I should not do this but when I compare my child to other child. Other child is playing so much better with passion and love. My daughter has what ever attitude.

Am I wrong on this? After five years of Piano class each week, I pay $25 for each class. She still makes basic mistake. She keeps reading letter d and b wrong. After five years she can't tell the difference between letter D and B ? same thing in Math class and English class. Her grades are around 65 to 75.

How do I tell her that she needs to change her attitude and start paying attention when teacher is teaching her something.
Maybe piano just isn't her thing? She doesn't care about improving, and obviously, this isn't her passion. You've done this for five years. Time to stop, and investigate other avenues of interest. She may be fascinated by ceramics, stained glass, photography -- or perhaps guitar (popular with kids) or another instrument. Or perhaps dance? Athletics? Has she expressed a preference?

She's probably gotten about all of the benefit she's going to get out of it. A few years from now, she may pick it back up, and enjoy it, but I suspect she's feeling pressure to excel and is getting frustrated. No one -- child or adult -- likes to be forced to do something that they don't enjoy and aren't good at.

As far as the math and English -- time for tutors or enrichment classes if she's not performing well there. You don't want her to get too far behind on math and English, it makes it difficult to pick up. Make sure she doesn't have any learning differences that may be making it difficult to learn (mixing up d and b brings dyslexia to mind, and would make playing music difficult.)
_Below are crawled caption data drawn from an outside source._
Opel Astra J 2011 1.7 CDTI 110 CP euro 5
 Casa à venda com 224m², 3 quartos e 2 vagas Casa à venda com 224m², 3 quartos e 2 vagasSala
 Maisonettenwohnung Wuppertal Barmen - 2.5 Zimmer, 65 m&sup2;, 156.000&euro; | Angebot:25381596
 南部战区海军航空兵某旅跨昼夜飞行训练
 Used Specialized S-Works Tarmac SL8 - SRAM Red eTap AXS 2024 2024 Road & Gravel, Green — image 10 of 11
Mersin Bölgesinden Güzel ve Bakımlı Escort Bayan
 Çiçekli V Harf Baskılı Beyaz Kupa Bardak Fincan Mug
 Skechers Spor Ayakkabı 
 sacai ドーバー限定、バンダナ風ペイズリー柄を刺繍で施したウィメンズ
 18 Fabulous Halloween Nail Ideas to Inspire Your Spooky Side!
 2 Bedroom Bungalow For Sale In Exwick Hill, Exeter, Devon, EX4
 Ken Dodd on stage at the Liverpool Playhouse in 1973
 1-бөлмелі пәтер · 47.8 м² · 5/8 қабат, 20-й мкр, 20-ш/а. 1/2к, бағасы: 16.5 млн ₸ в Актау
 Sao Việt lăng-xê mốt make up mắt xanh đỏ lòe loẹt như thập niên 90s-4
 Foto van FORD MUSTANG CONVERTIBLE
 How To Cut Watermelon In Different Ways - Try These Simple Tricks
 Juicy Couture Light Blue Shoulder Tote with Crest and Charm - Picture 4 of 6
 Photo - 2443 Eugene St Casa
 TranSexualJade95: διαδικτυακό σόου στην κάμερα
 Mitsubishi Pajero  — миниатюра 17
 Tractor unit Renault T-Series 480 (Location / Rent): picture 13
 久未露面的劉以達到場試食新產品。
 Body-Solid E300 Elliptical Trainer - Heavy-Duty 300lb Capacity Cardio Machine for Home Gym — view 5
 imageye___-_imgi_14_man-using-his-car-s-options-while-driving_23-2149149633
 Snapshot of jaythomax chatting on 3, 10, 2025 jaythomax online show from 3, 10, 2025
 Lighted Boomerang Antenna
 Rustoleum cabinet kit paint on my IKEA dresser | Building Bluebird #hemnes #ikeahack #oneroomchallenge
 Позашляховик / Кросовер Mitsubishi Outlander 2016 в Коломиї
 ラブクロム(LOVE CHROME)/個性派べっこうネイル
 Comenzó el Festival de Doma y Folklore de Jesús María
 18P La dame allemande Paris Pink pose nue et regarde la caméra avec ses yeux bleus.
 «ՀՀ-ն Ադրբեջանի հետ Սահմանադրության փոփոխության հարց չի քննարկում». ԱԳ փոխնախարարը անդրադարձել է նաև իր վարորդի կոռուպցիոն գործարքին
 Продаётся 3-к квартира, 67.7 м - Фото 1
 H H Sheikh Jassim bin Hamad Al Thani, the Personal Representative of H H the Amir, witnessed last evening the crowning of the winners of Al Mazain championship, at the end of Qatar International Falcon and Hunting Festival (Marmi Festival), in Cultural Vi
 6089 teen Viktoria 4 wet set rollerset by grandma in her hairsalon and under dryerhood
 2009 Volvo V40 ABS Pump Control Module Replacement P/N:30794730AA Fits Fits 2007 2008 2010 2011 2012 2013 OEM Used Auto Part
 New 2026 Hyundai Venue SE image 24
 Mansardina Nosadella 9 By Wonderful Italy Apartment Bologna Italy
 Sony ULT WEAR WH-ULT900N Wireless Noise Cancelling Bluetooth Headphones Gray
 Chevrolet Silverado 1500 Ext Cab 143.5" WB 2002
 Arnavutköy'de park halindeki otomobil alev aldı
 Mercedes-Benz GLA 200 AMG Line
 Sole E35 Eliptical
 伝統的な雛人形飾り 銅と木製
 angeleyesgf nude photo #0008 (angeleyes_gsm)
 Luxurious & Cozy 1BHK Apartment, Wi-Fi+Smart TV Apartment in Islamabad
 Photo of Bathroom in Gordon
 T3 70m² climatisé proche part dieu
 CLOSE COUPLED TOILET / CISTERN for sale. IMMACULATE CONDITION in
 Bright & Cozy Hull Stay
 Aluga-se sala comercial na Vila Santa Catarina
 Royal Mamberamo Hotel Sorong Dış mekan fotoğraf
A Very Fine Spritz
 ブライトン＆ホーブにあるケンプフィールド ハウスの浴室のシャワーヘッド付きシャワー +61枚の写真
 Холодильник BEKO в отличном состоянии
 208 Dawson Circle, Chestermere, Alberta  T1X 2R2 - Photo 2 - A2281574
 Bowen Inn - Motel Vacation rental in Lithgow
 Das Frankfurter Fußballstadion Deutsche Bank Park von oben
Your initial question intrigued me -- "how to raise a confident child". Forcing them to do something they hate isn't the way. A confident child is one who is sure of her own ability to solve problems, and isn't afraid to try new things. You're putting things in her path now that she's not good at and getting annoyed when she doesn't perform to your expectations. You need to find something that she IS good at and nurture that. THAT is what creates confidence.

Do think about getting her tested for learning differences during the summer -- it might make all the difference.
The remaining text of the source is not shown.